One of the chief authors, Bruce Hedman of Arlington, VA-based
Energy and Environmental Analysis (EEA) Inc., notes that the
report team collaborated with industry participants over a
period of several years to provide both DOE and the energy
community with a consistent and objective set of cost and
performance data for DE resources and gas-fired technologies.
"This report offers decision-makers at all levels a single-source,
one-stop reference for comparative performance and costs of
major onsite-power-system technology options," says Hedman.
Both current technology status and potential are addressed;
along with current performance characteristics, the report
contains future cost and performance estimates through 2030,
providing a valuable glimpse at what benefits advanced-technology
initiatives are expected to yield, and when.
The following selections from the report are related to the
emissions performance of DE technologies:
Reciprocating Engines. Driven by economic and environmental
pressures for power-density improvements (more output per
unit of engine displacement), increased fuel efficiency, and
reduced emissions, reciprocating-engine technology has improved
dramatically over the past three decades. The emissions signature
of natural-gas engines in particular has improved significantly
in the last decade through better design and control of the
combustion process and through the use of exhaust catalysts.

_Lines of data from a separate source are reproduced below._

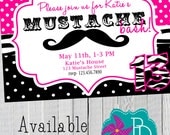 Mustache Birthday Invitation Printable- 4x6 or 5x7- 3 colors available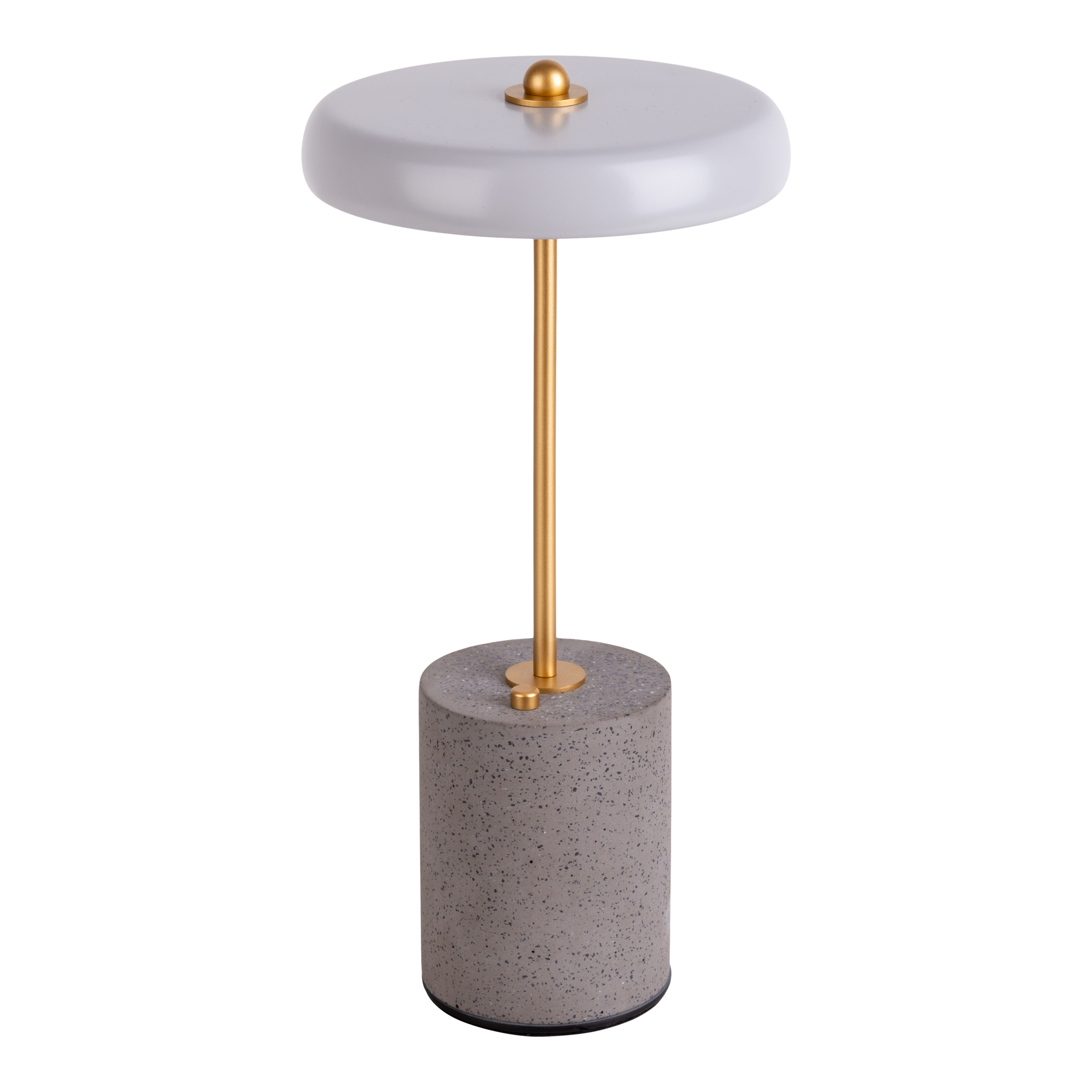 Stehlampe mit sechs Lampenschirmen. Verschiedenfarbige Schirme, schwarzer Sockel.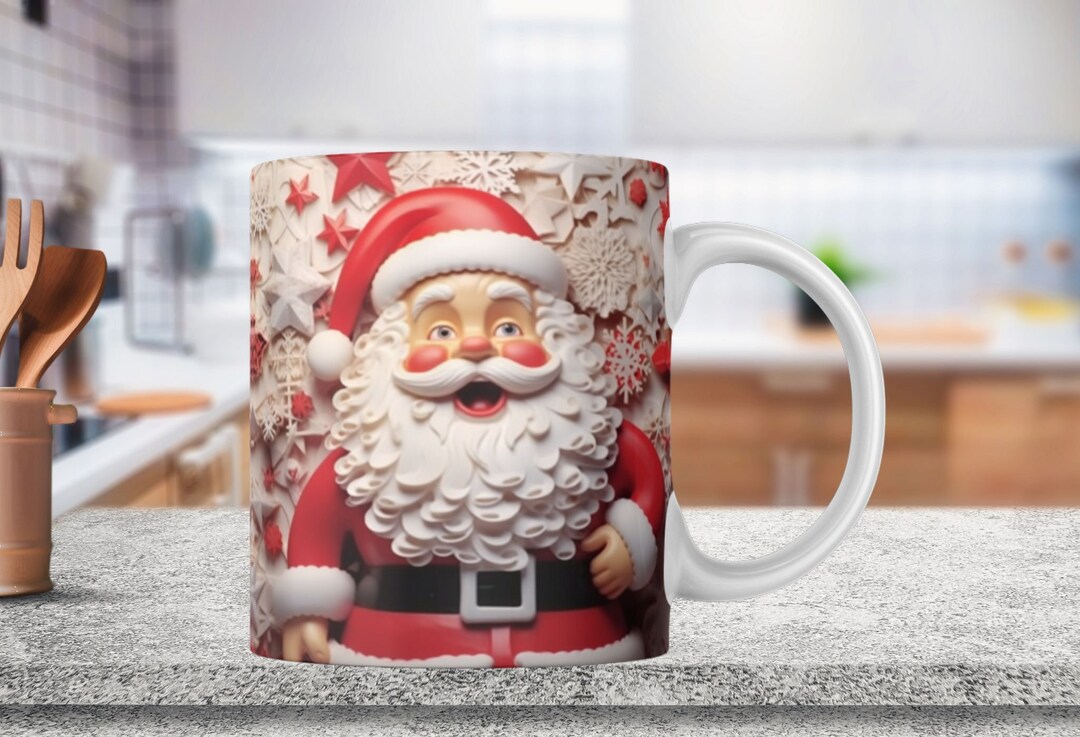 3D Santa Christmas Mug Wrap Cute Mug Wrap Sublimation Design PNG 3D ...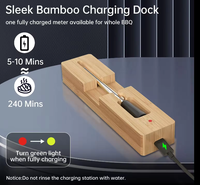 Termometer Daging Nirkabel Rumah Tangga Diskon, Termometer Makanan Baterai, Tahan Air IP67, Bahan ABS, Resolusi 1°C, Panas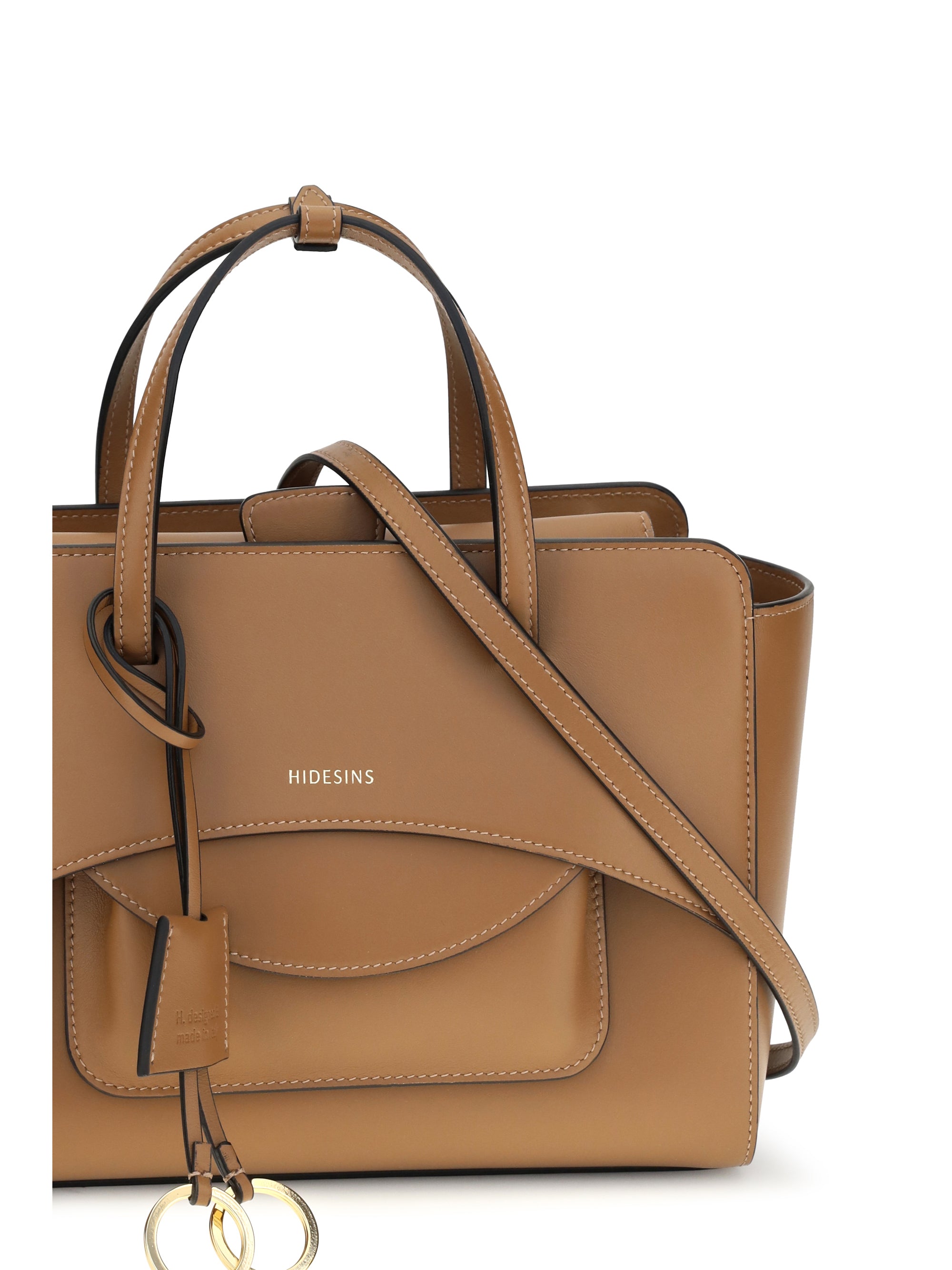 Hidesins Flap Top Handle Bag — Caramel, view 4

Advanced lean-burn natural-gas engines produce untreated nitrogen
oxide (NOx) levels as low as 50 ppmv (at 15% reference oxygen
on a dry basis).
With current technology, the highest efficiency and the lowest
NOx are not achieved simultaneously. Therefore many manufacturers
of lean-burn gas engines offer different versions of an engine - a
low-NOx version and a high-efficiency version - based
on different tuning of the engine controls and ignition timing.
Achieving highest-efficiency operation results in conditions
that generally produce twice the NOx that low-NOx versions
do, but achieving the lowest NOx typically entails sacrifice
of one to two points in efficiency. In addition, carbon monoxide
and volatile organic compound (VOC) emissions are higher in
engines optimized for minimum NOx.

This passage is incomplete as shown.